Falso: Quem disse que o traficante só vende maconha? O traficante só vai migrar para outras drogas e outros crimes, como roubo, furto, (sim, existe diferença!) sequestro relâmpago... Este mês a polícia desmantelou uma quadrilha de traficantes no Rio de Janeiro poderosa, mas o secretário de segurança pública do Estado do Rio de Janeiro (Beltrame), já avisou que em questão de dias haveria uma nova reorganização criminal, a fim de ocupar o nicho vazio, e seria eleito um novo chefe do tráfico. Entende como é complexo o negócio?
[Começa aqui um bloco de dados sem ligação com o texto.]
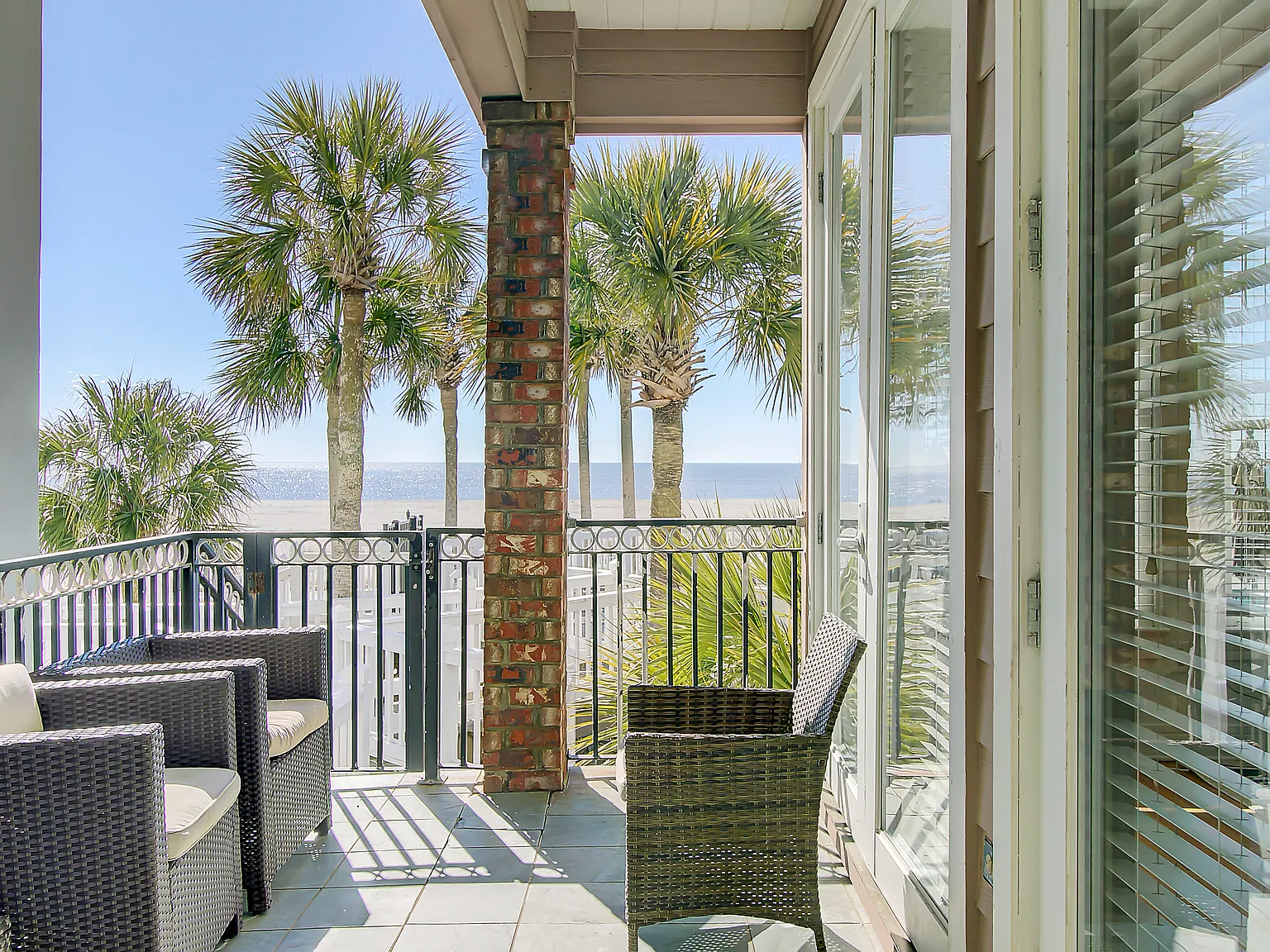 4 bed, 2445 sqft, $8,500 — Photo 4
  • O usuário não oferece risco para sociedade

Depende: A droga desencadeia uma relação não social do sujeito com o mundo, é responsável pela mudança de personalidade, gera isolamento, euforia, depressão, agressividade, mudança de caráter...

  • Descriminalizar vai diminuir o consumo

Falso: Quando o consumo é autorizado, o adolescente experimenta mais. A pesquisa mostra que somente uma pequena parcela dos jovens que prefere o proibido. Diminuir o consumo, não é o que tem acontecido nos EUA, em que a indústria da maconha quase dobrou nos últimos 2 anos, nem na Holanda, Dinamarca e Suíça, em que a criminalidade e o turismo de drogas aumentaram, além da venda clandestina de receita medicinal. Estes países estão repensando esse comportamento moderninho.

  • E por fim, a maconha é inofensiva

Falso: A maconha interfere caoticamente nas sinapses nervosas do cérebro podendo causar processos psicóticos irreversíveis, mais do que qualquer outra droga. Está relacionada à esquizofrenia, bipolaridade, depressão, processos fóbicos, gera dependência física e psicológica. Ela é 5x mais cancerígena que o cigarro, pelos altos índices de alcatrão e monóxido de carbono. É a droga ilícita mais consumida no mundo e os danos para os adolescentes são maiores, pois estão em processo de formação. As pessoas que fumam maconha e que dizem que conseguem ter uma vida produtiva certamente seriam mais produtivas sem a droga, as perdas são inevitáveis, inclusive do desempenho intelectual.

A descriminalização do usuário iria, de imediato, esvaziar cadeias, o que é de fato, um grande alívio. Mas não iria resolver o problema de epidemia pública que é a dependência química, nem diminuiria o sofrimento dos familiares dos dependentes de drogas, nem o problema do tráfico que vai além da maconha.

Descriminalizar é tão somente mascarar a escravidão em liberdade...


Cecília Sertã Junqueira Rodrigues é Terapeuta Conselheira em Dependência Química, presta consultoria para empresas e escolas e aconselhamentos individuais em clínica.